Whenever I rave about a book to friends or family, they invariably ask me: "Well, what's it about?" This question trips me up. It seems like half the books I really love are difficult to summarize, and Plainsong is certainly no exception. It's basically a story about people who live in the tiny High Plains town of Holt, Colorado, and the way their lives intertwine. Sounds thrilling, I know. But the beauty of this book is truly in its writing. It's more like a beautiful song than a beautiful story. The writing style may at first trouble anal-retentive punctuation sticklers like I Have No Idea Who That Would Be for a few pages, but it quickly wins you over. It's simultaneously one of the simplest and most unique pieces of prose I've ever read.

And it's a quick read because it's nearly impossible to put down.

Can I Keep My Jersey?: 11 Teams, 5 Countries, and 4 Years in my Life as a Basketball Vagabond
By Paul Shirley
Copyright 2007

I should probably first point out that I kind of know the author. We went to college together. I've talked to him a few times and we know a lot of the same people, at least. So the point I'm trying to make is that this book was interesting to me because a lot of the references were familiar.

The book does answer the question of, "What happens when you give a book deal to a sarcastic mechanical engineer with no real writing background?" Answer: He inserts a lot of distracting parenthetical commentary on his own writing ability that should actually just be replaced with real editing and mildly irritates those of us with degrees in writing who have yet to be offered any sort of book-writing opportunity. Also: Someone should have fixed his subject/pronoun agreement errors. Just saying.

Of course I can be jealous of Paul's book deal, but until I have the motivation to actually write a complete book about something people would actually want to read, I can stop whining any time now. Why would anyone offer me the opportunity to write a book about my job? I sit at my desk chewing on pens all day.

And actually, this book is not about me. It's about a relatively well-known former collegiate basketball player who is so obsessed with the idea of playing professional sports that he is willing to upheave his entire life in pursuit of some specific goal that the book doesn't exactly define. (I think he says it's to be an NBA benchwarmer, but since he attained that I would think there would be no need for further life upheaval.) The content is definitely interesting if you can get around the somewhat sloppy presentation. And the writing is pretty good if you can get around the aforementioned parenthetical tangents. Oh yeah, and the extreme negativity.

I'm about as big a fan of sarcastic and/or cynical writing as they come, but the book still troubled me in parts. I don't believe Paul is actually as mean as he sounds in the book, but otherwise I can't really defend some of the insensitive things he says, usually just in passing, about people, usually mentally or physically disabled individuals. Maybe he thinks it's funny...? It's not.

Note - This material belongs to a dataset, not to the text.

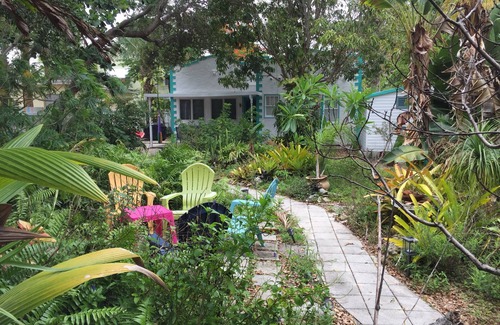 Parrot Cove Casa | Nuestra Palmway House, cerca del centro de Lake Worth, FL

Part of the reason I think a lot of readers, including me, got frustrated with the author is because he discloses in the book his monetary compensation for several of the basketball gigs he whines about ad nauseam. Spoiler alert: In many cases, it's extremely high. I guess I just think that if you're making THAT much money to do something so inconsequential you should have a positive attitude about it. Otherwise, please use your intelligence and education for something that is valuable to society. Like developing vehicles powered by alternative energy sources would be one thing you could do if you were, say, AHEM, a mechanical engineer.

If you are cynical about professional sports (like I definitely am), this book will certainly bolster your cynicism. If you have no interest in or connection to collegiate or professional athletics, you will probably want to pass. Unless you just like reading things written by really negative people.

What's next?
So now it's time to move on to my summer reading. I've got some fluffy stuff (like Turning Tables by Heather & Rose MacDowell and How to Lose Friends & Alienate People by Toby Young) and some heavy books my mom gave me that I've been avoiding to this point because I'm afraid they'll give me nightmares: Infidel by Aayan Hirsi Ali and The Reluctant Fundamentalist by Mohsin Hamid. I think I'll start with...

Um.

Doesn't David Sedaris have a new book out?

Tuesday, June 17, 2008

Thinking outside the inbox

So I've always wanted to find out exactly who those people are who write the e-mail forwards.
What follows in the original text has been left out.